Wednesday, July 27, 2011

July 27, 2011 Workout Summary

My 23nd StrongLifts 5x5 workout.

I completed 5x5 at 200 lbs. I was pretty surprised that I just blew through this.  I really just focused on pushing down with my legs as hard as I could and tried not to focus on the pain or the fatigue. I think it's really counter-productive to guess what rep I'm going to fail on, and when I think about it, I psych myself out. When I just push my hardest, it takes care of the mental part of the game.

I completed 5x5 at 165 lbs. I lifted my ass off the bench a little bit on the last rep, but I was really pushing. So I counted it.

I completed 5x5 at 115 lbs. My form is still pretty bad, but I'm going to wait for 135 lbs to get really picky. It's just too hard to keep the form perfect when I have to set the weights down on other plates.  When I can start setting the weights down on the floor, I'll care more.

I completed 5/5/4/3/3 at 35 lbs.  I can really feel myself working which is a nice feeling.

I weighed 167 lbs. I'm trying to push up to 170 lbs and I'm getting really close. It seems like my weight is sitting still over the past week, but I think it's just inconsistencies in the measurements. Usually a week of stagnation is followed by a jump in weight on the scale. I'll be looking for that next week :-).

Tuesday, July 26, 2011

July 25, 2011 Workout Summary

My 22nd StrongLifts 5x5 workout.

I completed 5x5 at 195 lbs.  I stalled on this lift last workout so it felt good to blow through these like they were nothing.

Overhead Press
I completed 5x5 at 95 lbs.

I dropped all the way down to 185 lbs.  I feel like my form was just not at all what it should have been, so I took the weight all the way down to where I felt comfortable.  I'm going to only go up by 5 lbs each workout so that my form doesn't suffer again. I know that my deadlift should be higher than my squat, but I think that if deadlift is really an easier lift than squat, then it will eventually catch up.

I completed 5x5 at 140 lbs.  I feel like I'm going up really well on these.  They aren't exactly easy, but they don't seem to be getting too much harder either even though my weight has gone up alot.

I completed 5x5 at 30 lbs.  I skipped 27.5, because I couldn't hold the plates.  This weight actually felt easier than 25 lbs.  I'm having a hard time determining what counts as a full rep, because when my abs are fully contracted, I'm not completely up to my knees. I think these reps were pretty solid though.
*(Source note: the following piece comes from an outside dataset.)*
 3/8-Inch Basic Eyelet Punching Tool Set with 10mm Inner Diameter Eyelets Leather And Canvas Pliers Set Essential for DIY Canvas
I can feel a difference in my abs when I fail on reps.

I weighed 165.4 lbs.  This was a disappointing drop from 166.6 lbs, but I'm eating plenty so I know that I didn't lose any real weight.
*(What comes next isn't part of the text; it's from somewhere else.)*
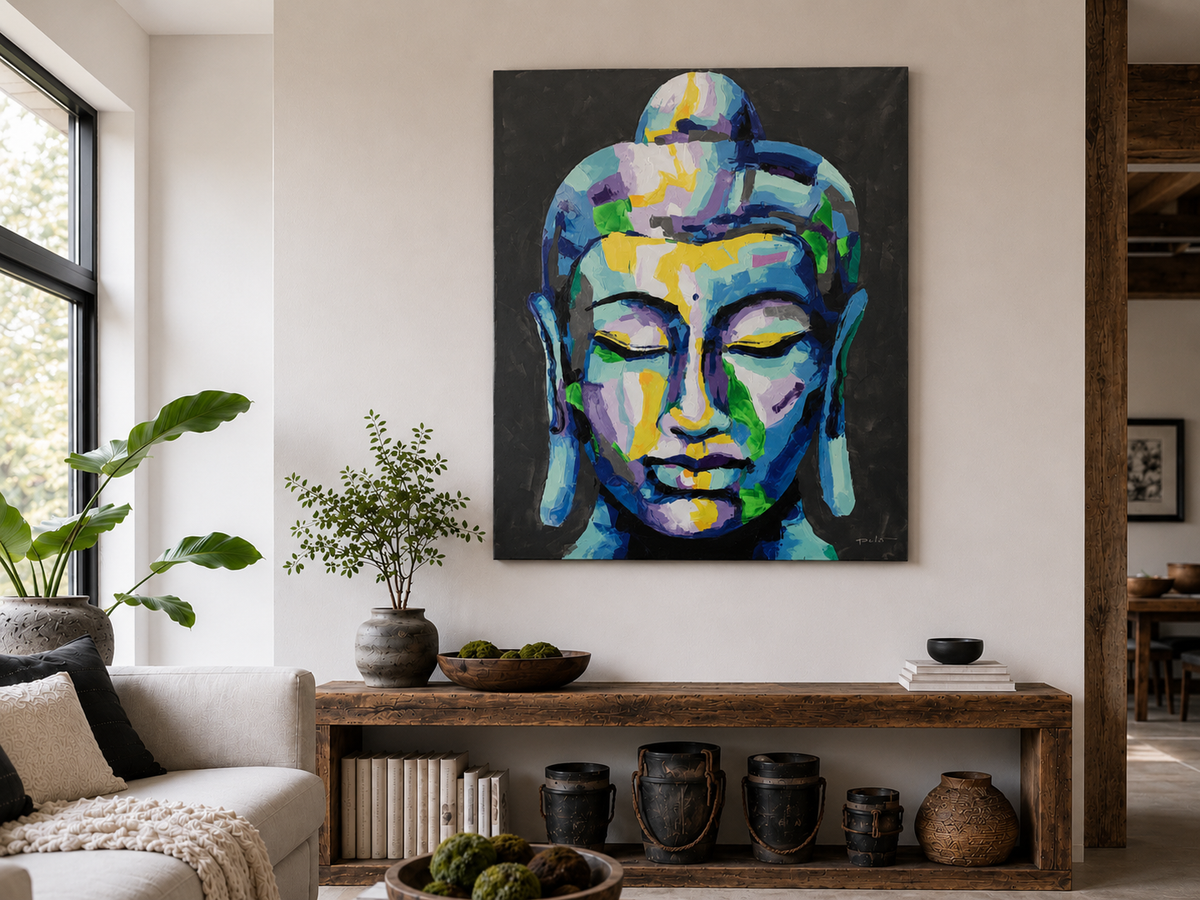 Large format canvas paintings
I've upped my calorie intake to 3900-4000 kcals a day.  When I look in the mirror, my abs are becoming more visible.  That says one thing to me: I can and should eat more.  I want to make sure that I'm gaining muscle as fast as possible.  If I'm not gaining fat then all my excess calories are all going to muscle, my body could probably take more.  When I start gaining fat then I'll know that I'm eating enough.

I saw the guy that I thought was doing StrongLifts again on Saturday.  He actually spoke up and asked if we were doing StrongLifts.  So that was pretty cool.

I went a few workouts without drinking whey protein, and I think it really reduced my recovery. I noticed a big difference when I drink whey after my workout Saturday and then nailed my squats on Monday. I tried to do some more research on WHEN you should take protein.  I read that the original study that everyone uses as gossip on "you should take protein within 30 mins after a workout" was done on fasting.  A new study suggests that the best time you should take protein is before a workout so that's what I'm going to try to stick to.